THE UPPERCLASSMEN VOID.  There is not a single senior on the roster.  Not one.  There are five juniors on the team, only three of whom were on the team last year.  Let's call this the core of the team.  You don't need these guys to be studs, but you need some sort of contribution from your veterans.  Storm Warren, Chris Bass, and Garrett Green have combined for 22 starts out of a possible 75.  At least they are in the rotation, but only Storm has double digit starts or averages at least 20 minutes a game (and it's exactly 20 minutes).

Bass actually distributes the ball decently (62-37 Assist to Turnover ratio), but his complete inability to shoot has curtailed his effectiveness .  He's shooting 28.8% from the field.  Not a misprint.  You can't play big time college basketball and shoot below 30%.  Green can at least rebound decently, but he's not exactly a playmaker underneath either.  The three core players on this team aren't quite giving us nothing, but it's pretty close.

WE CAN'T SHOOT STRAIGHT.  LSU is shooting 40.0% on the season, which isn't horrible, but it's not great.  But dig slightly deeper.  Four of LSU's top five scorers shoot under 40% from the field, including the top two.  LSU does not have a single guard on the team shooting at least 40%, regardless of the number of attempts.  The only way LSU can score reliably is to take layups on the inside, and LSU lacks size on the inside.  In fact, no listed center on the roster has played a single minute this year.  No defense has any reason to respect LSU's outside shot, which means they can pack the lane, making it even more difficult to get easy looks. 

LOUISIANA DOESN'T CRANK OUT PLAYERS.  As Paul often points out, the most important factor in recruiting is proximity.  The top Louisiana high school athletes are playing football, not basketball.  LSU only has six Louisiana players on its roster.  Our two leading scorers both come from out of state.  It's not like Louisiana is completely barren, but it does lack top tier impact players. 

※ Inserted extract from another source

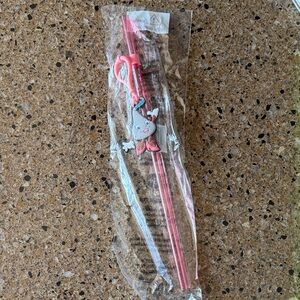 Pink Hershey Kiss Straw with Hershey Kiss Charm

LOSING BEGETS LOSING.  Pretend you are a top recruit from Louisiana.  You can go to any school in the country, but you want to give the local school a look.  You go to a game and not only do you see a dismal team, but you see empty stands.  You pick up the paper the next day, and there is virtually no coverage of the most recent debacle, as the media focuses on football or the upcoming baseball season.  Ask yourself, why on earth would you come to LSU?  What are we selling right now? 

Also, the one-and-done rules favor the basketball powers.  If LSU is fortunate enough to ever get that sort of elite talent, you can't build a program around him.  He's gone in a year.  But honestly, LSU isn't going to get the guy because the elite schools now get their pick of the elite talents.  OK, it was always this way, but UNC used to at least be limited by keeping guys on the roster.  But now, the elite schools constantly have open roster spots, and even playing time to sell to big time recruits.  The roster turnover at major schools means they need to keep getting these top players, and it further freezes a school like LSU out.  We're not getting the next John Wall, and even if we did, the program likely wouldn't improve longterm. 

BASEBALL.  But you know what?  We could overcome all of these factors if we just invested in basketball as fans and as an administration.  But it's not going to happen because we have baseball.  Football lasts until January, and recruiting can tide you over to the first week of February.  First and foremost, LSU is a football school and we treat other sports as the dead time waiting for the next football game.  Baseball starts this weekend, which means the average LSU fan really only had to pay attention to basketball for a month at the most, a week if the fan is obsessed with recruiting. 

At the end of the day, we don't really care that basketball stinks.  Would it be great if we could go back to the days of Dale Brown and the Deafdome?  Sure.  But we're now invested in the baseball team instead.  That's now the sport that gets us through the long dark period before football begins. 

Basketball is dying at LSU.  And baseball killed it.